START Dataset records

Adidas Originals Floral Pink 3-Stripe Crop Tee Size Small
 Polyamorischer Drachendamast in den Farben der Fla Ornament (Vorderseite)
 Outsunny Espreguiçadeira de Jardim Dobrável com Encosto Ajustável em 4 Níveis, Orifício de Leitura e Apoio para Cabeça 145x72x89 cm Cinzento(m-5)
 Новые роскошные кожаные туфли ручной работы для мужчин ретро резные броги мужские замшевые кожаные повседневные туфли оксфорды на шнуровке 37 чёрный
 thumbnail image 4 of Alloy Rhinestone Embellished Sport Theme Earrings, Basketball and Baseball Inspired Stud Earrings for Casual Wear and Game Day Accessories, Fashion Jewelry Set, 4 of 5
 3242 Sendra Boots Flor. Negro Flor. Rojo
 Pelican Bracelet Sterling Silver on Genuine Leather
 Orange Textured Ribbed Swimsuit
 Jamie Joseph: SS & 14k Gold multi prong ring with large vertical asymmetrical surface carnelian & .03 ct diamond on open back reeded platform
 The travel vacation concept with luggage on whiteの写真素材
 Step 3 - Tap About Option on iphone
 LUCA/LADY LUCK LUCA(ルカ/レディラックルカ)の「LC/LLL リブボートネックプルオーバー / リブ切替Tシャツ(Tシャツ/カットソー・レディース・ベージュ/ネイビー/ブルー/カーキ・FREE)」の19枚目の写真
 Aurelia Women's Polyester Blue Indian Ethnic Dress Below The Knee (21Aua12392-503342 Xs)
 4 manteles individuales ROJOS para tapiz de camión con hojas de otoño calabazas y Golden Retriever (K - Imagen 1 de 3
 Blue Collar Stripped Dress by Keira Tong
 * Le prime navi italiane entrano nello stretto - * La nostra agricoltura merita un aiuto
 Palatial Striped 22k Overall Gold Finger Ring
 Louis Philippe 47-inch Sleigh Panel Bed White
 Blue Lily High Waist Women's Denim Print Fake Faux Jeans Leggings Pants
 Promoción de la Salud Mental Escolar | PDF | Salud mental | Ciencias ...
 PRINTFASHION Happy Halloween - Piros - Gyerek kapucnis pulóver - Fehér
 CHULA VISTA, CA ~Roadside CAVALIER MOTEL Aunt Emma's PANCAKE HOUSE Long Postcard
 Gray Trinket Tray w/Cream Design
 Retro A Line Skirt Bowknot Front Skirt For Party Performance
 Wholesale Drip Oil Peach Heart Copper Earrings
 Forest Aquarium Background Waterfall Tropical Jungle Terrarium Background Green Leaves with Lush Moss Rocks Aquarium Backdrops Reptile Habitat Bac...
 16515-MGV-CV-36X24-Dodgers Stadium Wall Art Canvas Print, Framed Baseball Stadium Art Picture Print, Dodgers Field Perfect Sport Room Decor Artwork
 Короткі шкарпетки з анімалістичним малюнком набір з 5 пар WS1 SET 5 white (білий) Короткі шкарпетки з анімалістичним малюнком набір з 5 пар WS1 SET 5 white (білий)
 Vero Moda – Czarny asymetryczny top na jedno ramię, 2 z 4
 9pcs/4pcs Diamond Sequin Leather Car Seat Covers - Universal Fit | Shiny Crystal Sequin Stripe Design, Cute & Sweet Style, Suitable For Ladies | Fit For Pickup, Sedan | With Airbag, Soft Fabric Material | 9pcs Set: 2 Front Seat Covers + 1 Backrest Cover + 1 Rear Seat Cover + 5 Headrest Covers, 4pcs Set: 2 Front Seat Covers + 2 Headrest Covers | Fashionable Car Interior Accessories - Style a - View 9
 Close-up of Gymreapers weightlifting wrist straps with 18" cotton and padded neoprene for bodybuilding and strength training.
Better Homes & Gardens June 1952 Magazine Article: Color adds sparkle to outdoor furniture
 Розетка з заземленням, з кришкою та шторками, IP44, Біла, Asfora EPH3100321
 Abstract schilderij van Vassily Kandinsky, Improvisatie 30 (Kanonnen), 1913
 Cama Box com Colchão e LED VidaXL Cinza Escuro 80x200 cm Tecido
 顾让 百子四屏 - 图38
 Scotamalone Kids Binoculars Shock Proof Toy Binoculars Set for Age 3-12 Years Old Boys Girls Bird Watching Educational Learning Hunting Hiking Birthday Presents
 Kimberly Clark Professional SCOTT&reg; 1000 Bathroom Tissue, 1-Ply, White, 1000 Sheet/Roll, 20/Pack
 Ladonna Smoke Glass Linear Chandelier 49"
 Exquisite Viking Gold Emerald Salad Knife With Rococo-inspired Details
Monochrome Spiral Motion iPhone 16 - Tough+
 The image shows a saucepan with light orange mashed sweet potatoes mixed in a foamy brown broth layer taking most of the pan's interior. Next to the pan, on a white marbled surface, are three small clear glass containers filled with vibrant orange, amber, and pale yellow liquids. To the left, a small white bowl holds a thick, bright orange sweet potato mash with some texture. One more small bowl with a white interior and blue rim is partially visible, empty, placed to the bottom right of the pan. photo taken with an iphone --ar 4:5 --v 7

END Dataset records

▶ **Prompt**: Look back at the data above. Transcribe exactly the lines starting at the line that contains "Polyamorischer Drachendamast in" and ending at the line that contains "Step 3 - Tap About Option on iphone".

▶ **Exercise answer**:
 Polyamorischer Drachendamast in den Farben der Fla Ornament (Vorderseite)
 Outsunny Espreguiçadeira de Jardim Dobrável com Encosto Ajustável em 4 Níveis, Orifício de Leitura e Apoio para Cabeça 145x72x89 cm Cinzento(m-5)
 Новые роскошные кожаные туфли ручной работы для мужчин ретро резные броги мужские замшевые кожаные повседневные туфли оксфорды на шнуровке 37 чёрный
 thumbnail image 4 of Alloy Rhinestone Embellished Sport Theme Earrings, Basketball and Baseball Inspired Stud Earrings for Casual Wear and Game Day Accessories, Fashion Jewelry Set, 4 of 5
 3242 Sendra Boots Flor. Negro Flor. Rojo
 Pelican Bracelet Sterling Silver on Genuine Leather
 Orange Textured Ribbed Swimsuit
 Jamie Joseph: SS & 14k Gold multi prong ring with large vertical asymmetrical surface carnelian & .03 ct diamond on open back reeded platform
 The travel vacation concept with luggage on whiteの写真素材
 Step 3 - Tap About Option on iphone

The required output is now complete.